HBV/HCV Co-infected Patients: Population pharmacokinetic analysis indicated that hepatitis B and/or C virus co-infection had no clinically relevant effect on the rilpivirine exposure after oral rilpivirine intake.
Paediatric Patients: The phamacokinetics of rilpivirine in children and adolescents aged <18 years have not been established with REKAMBYS.
Toxicology: Preclinical safety data: All studies were performed with rilpivirine for oral use except for the studies on local tolerance with REKAMBYS injections.
Repeated dose toxicity: Liver toxicity associated with liver enzyme induction was observed in rodents. In dogs, cholestasis-like effects were noted.
Reproductive toxicology studies: Studies in animals have shown no evidence of relevant embryonic or foetal toxicity or an effect on reproductive function. There was no teratogenicity with oral rilpivirine in rats and rabbits. The exposures at the embryo-foetal No Observed Adverse Effects Levels (NOAELs) in rats and rabbits were respectively ≥12 times and ≥57 times the exposure in humans at the maximum recommended human daily dose of 25 mg once daily in HIV-1 infected patients or 600 mg or 900 mg intramuscular injection dose of rilpivirine long-acting injectable suspension.
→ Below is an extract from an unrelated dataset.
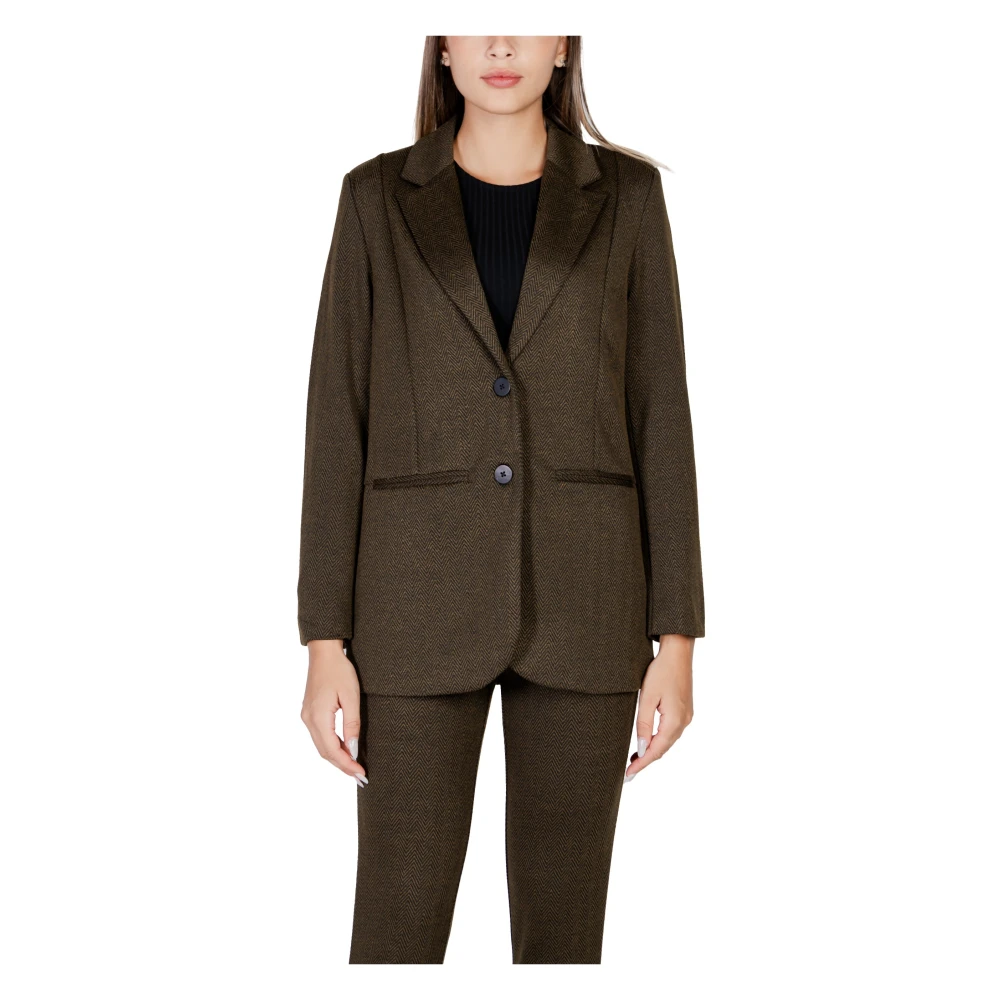 Ichi Groene Knoop-Front Dames Blazer Green Dames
Carcinogenesis and mutagenesis: Oral rilpivirine was evaluated for carcinogenic potential by oral gavage administration to mice and rats up to 104 weeks. At the lowest tested doses in the carcinogenicity studies, the systemic exposures (based on AUC) to rilpivirine were ≥17 times (mice) and ≥2 times (rats) the exposure in humans at the maximum recommended human daily dose of 25 mg once daily in HIV-1 infected patients or 600 mg or 900 mg intramuscular injection dose of rilpivirine long-acting injectable suspension. In rats, there were no drug-related neoplasms. In mice, rilpivirine was positive for hepatocellular neoplasms in both males and females. The observed hepatocellular findings in mice may be rodent-specific.
Rilpivirine has tested negative in the absence and presence of a metabolic activation system in the in vitro Ames reverse mutation assay and the in vitro clastogenicity mouse lymphoma assay. Rilpivirine did not induce chromosomal damage in the in vivo micronucleus test in mice.
Local tolerance for REKAMBYS: After long-term repeated IM administration of REKAMBYS in dogs and minipigs, slight, short-lasting (ie, 1-4 days in minipigs) erythema was observed, and white deposits were noted at the injection sites at necropsy, accompanied by swelling and discoloration of draining lymph nodes. Microscopic examination showed macrophage infiltration and eosinophilic deposits at the injection sites. A macrophage infiltration response was also noted in the draining/regional lymph nodes. These findings were considered to be a reaction to the deposited material rather than a manifestation of local irritation.